El escándalo suscitado en Venezuela a raíz del asesinato de tres estudiantes universitarios durante la noche del lunes 27 de junio en el oeste de Caracas es solamente una muestra más de toda una cultura arraigada entre los funcionarios de aplicación de la ley, según la cual es posible imponer en las calles la justicia que los tribunales no imparten.
Si hiciéramos un repaso a la prensa de los países latinoamericanos nos daríamos cuenta de que estas aberraciones no se circunscriben solamente a Venezuela. Las denuncias sobre abusos policiales abundan en México (masacres en el estado de Sinaloa), Guatemala, Colombia y Brasil (ejecuciones de la Policía Militar).
En el caso venezolano la verdad afloró con extremada rapidez debido a la denuncia publicada durante varios días consecutivos por los medios de comunicación escritos, y a que las más altas esferas del Poder Ejecutivo no intentaron reproducir las maniobras de encubrimiento aplicadas por los jefes de las divisiones de la policía judicial y de la Inteligencia Militar encargadas de investigar directamente el suceso.
Estas maniobras fueron tan burdas que no aguantaron el menor análisis, tan poco delicadas que llaman a preocupación. Uno podría concluir que el procedimiento de “sembrar” evidencias con la finalidad de que un triple asesinato pareciera un enfrentamiento es cosa tan común entre los organismos policiales que sus integrantes apenas toman algunas precauciones básicas, nada sofisticadas pues están seguros de que sus “compañeros” encargados de hacer las averiguaciones posteriores eliminarán cualquier vestigio del crimen.
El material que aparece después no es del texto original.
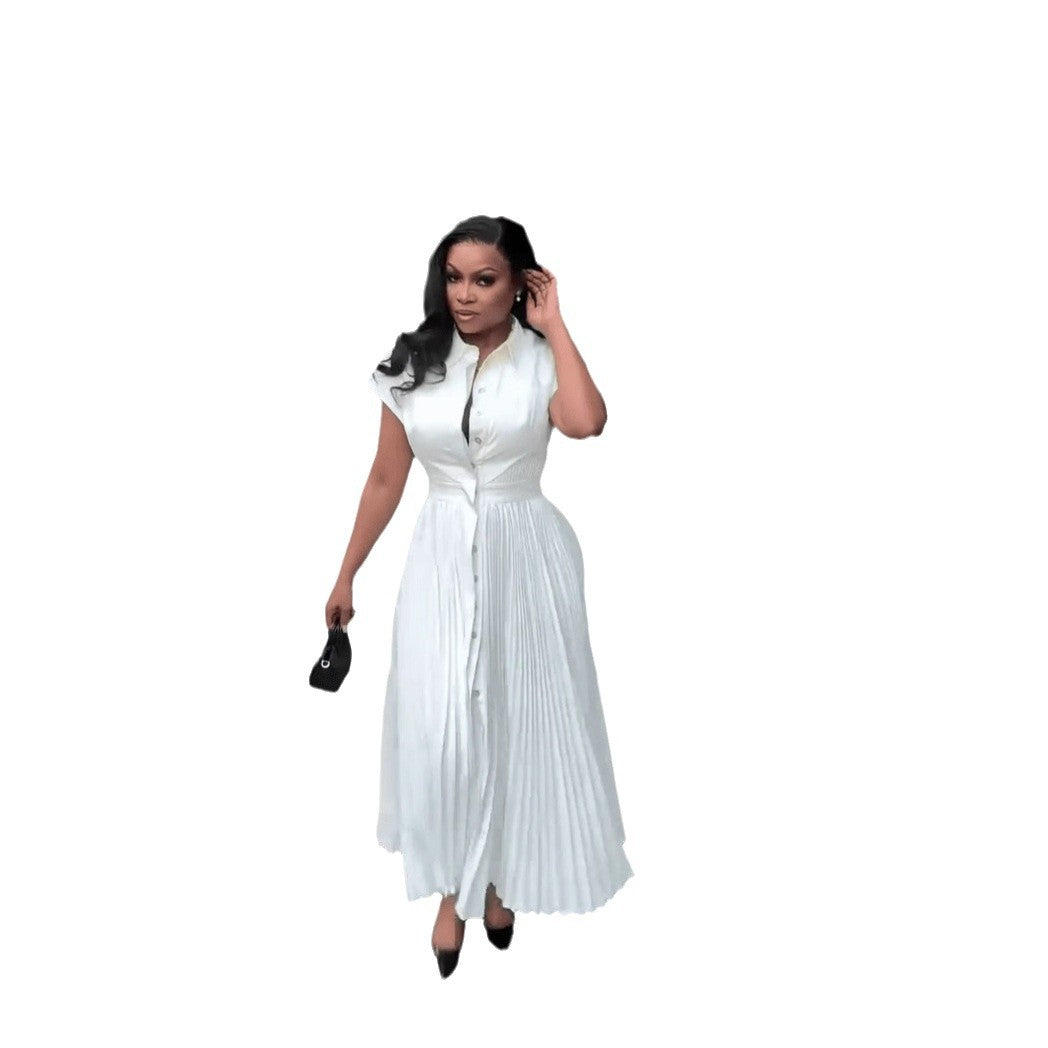 Women's Short Sleeve High Waist Pleated A- Line Dress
Quebrar el mecanismo de la solidaridad policial no es cosa fácil. Por eso hay que aplaudir al gobierno venezolano, pues al menos en esta oportunidad hizo lo correcto. Y no podía ser de otra manera. Días atrás el representante de ese Estado ante la Corte Interamericana de Derechos Humanos tuvo que admitir los abusos de los funcionarios policiales y militares durante la suspensión de garantías constitucionales que siguió al deslave en el estado Vargas, en diciembre de 1999.
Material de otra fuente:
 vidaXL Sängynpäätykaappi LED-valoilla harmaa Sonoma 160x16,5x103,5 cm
Este y otros hechos como la masacre de El Amparo, en 1988, son los indicadores de una práctica cotidiana, propia de los países afectados por la fragilidad de sus instituciones democráticas. En algún lugar del cerebro, todo policía cree poseer el don y el derecho de quitar la vida de los delincuentes, en el ejercicio del deber. Lo peor de todo es que el ciudadano común avala esta práctica. Lo hace con su silencio y a veces con su aplauso, cuando ve en las calles el cadáver de un “azote de barrio”. Lo hace también cuando participa en los linchamientos que vemos en las “comunas” colombianas, las “favelas” de Brasil y los “barrios” venezolanos.
Nadie cree en los mecanismos de la justicia formal. El delincuente es tomado in fraganti y a las pocas horas está de nuevo en las calles debido a tecnicismos legales. La ley pareciera operar a favor de quien la viola, y en cambio se muestra muy dura con el ciudadano común. Mientras esta inversión de los valores que rigen al sistema de administración de justicia continúe operando, tendremos a policías propensos a presentar a sus hampones en la “corte celestial”.